The Shamir protocol has the desired commutativity property since E(a,E(b,m)) = m^{ab} mod p = m^{ba} mod p = E(b,E(a,m)).

== Massey–Omura cryptosystem ==
The Massey–Omura Cryptosystem was proposed by James Massey and Jim K. Omura in 1982 as a possible improvement over the Shamir protocol. The Massey–Omura method uses exponentiation in the Galois field GF(2^{n}) as both the encryption and decryption functions. That is E(e,m)=m^{e} and D(d,m)=m^{d} where the calculations are carried out in the Galois field. For any encryption exponent e with 0<e<2^{n}-1 and gcd(e,2^{n}-1)=1 the corresponding decryption exponent is d such that de ≡ 1 (mod 2^{n}-1). Since the multiplicative group of the Galois field GF(2^{n}) has order 2^{n}-1 Lagrange's theorem implies that m^{de}=m for all m in GF(2^{n})^{*} .

Each element of the Galois field GF(2^{n}) is represented as a binary vector over a normal basis in which each basis vector is the square of the preceding one. That is, the basis vectors are v^{1}, v^{2}, v^{4}, v^{8}, ... where v is a field element of maximum order. By using this representation, exponentiations by powers of 2 can be accomplished by cyclic shifts.

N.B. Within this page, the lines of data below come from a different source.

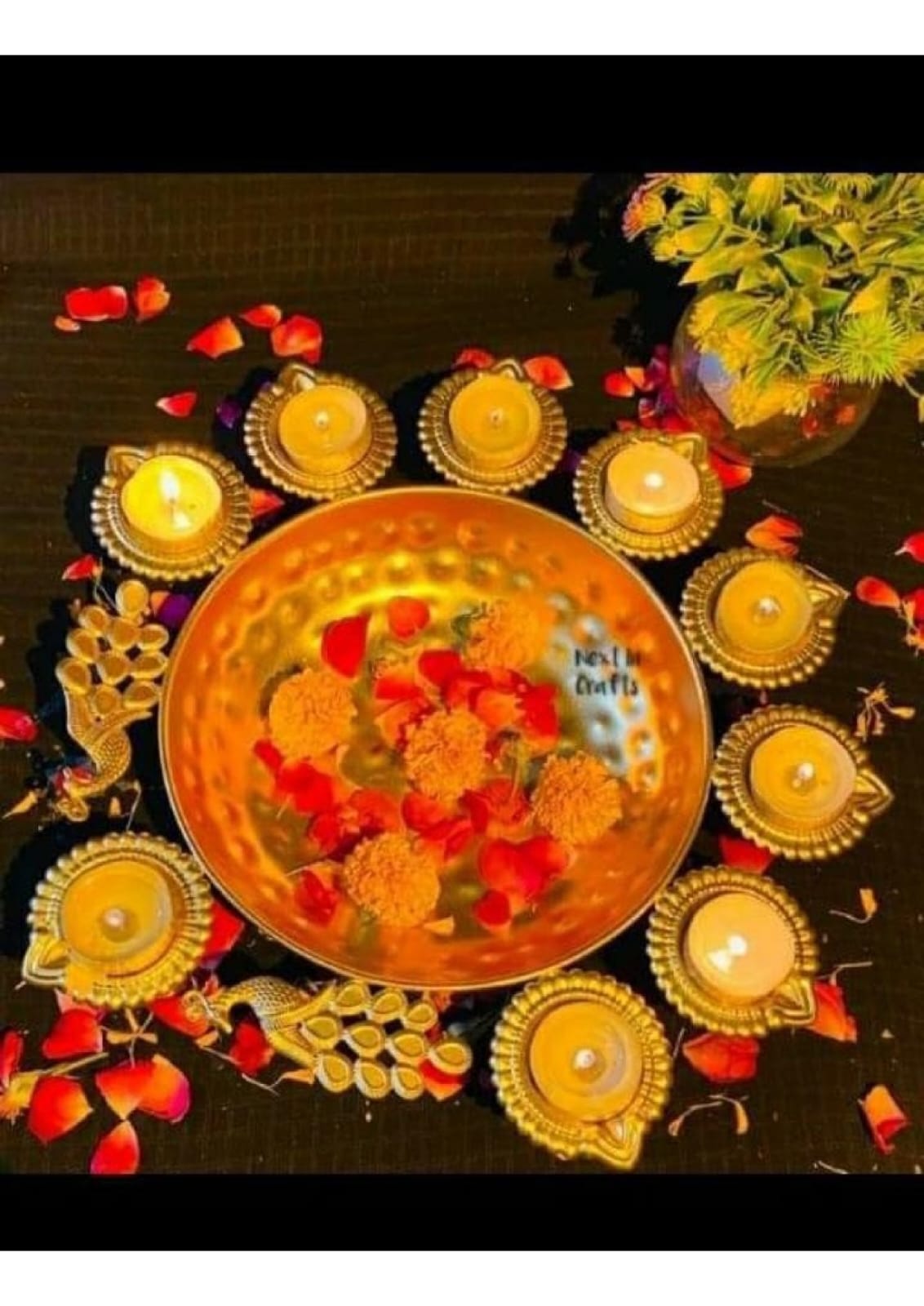 Decorative Iron Diya and Peacock Urli (with Gift Box)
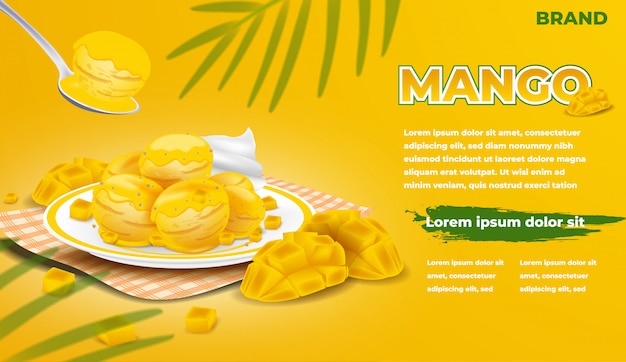 Annonces De Crème Glacée. Mangue Et Glace Au Sirop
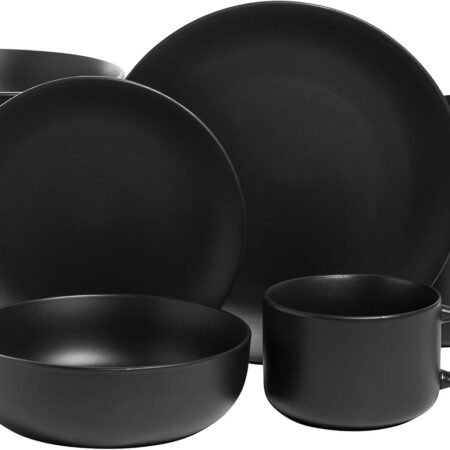 Black Matte 16-Piece Dinnerware Set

This means that raising m to an arbitrary power can be accomplished with at most n shifts and n multiplications. Moreover, several multiplications can be performed in parallel. This allows faster hardware realizations at the cost of having to implement several multipliers.

== Security ==
A necessary condition for a three-pass algorithm to be secure is that an attacker cannot determine any information about the message m from the three transmitted messages $E(s,m)$, $E(r,E(s,m))$ and $E(r,m)$.

For the encryption functions used in the Shamir algorithm and the Massey–Omura algorithm described above, the security relies on the difficulty of computing discrete logarithms in a finite field. If an attacker could compute discrete logarithms in GF(p) for the Shamir method or GF(2^{n}) for the Massey–Omura method then the protocol could be broken. The key s could be computed from the messages m^{r} and m^{rs}. When s is known, it is easy to compute the decryption exponent t. Then the attacker could compute m by raising the intercepted message m^{s} to the t power. K. Sakurai and H. Shizuya show that under certain assumptions breaking Massey–Omura cryptosystem is equivalent to the Diffie–Hellman assumption.

== Authentication ==
The three-pass protocol as described above does not provide any authentication. Hence, without any additional authentication the protocol is susceptible to a man-in-the-middle attack if the opponent has the ability to create false messages, or to intercept and replace the genuine transmitted messages.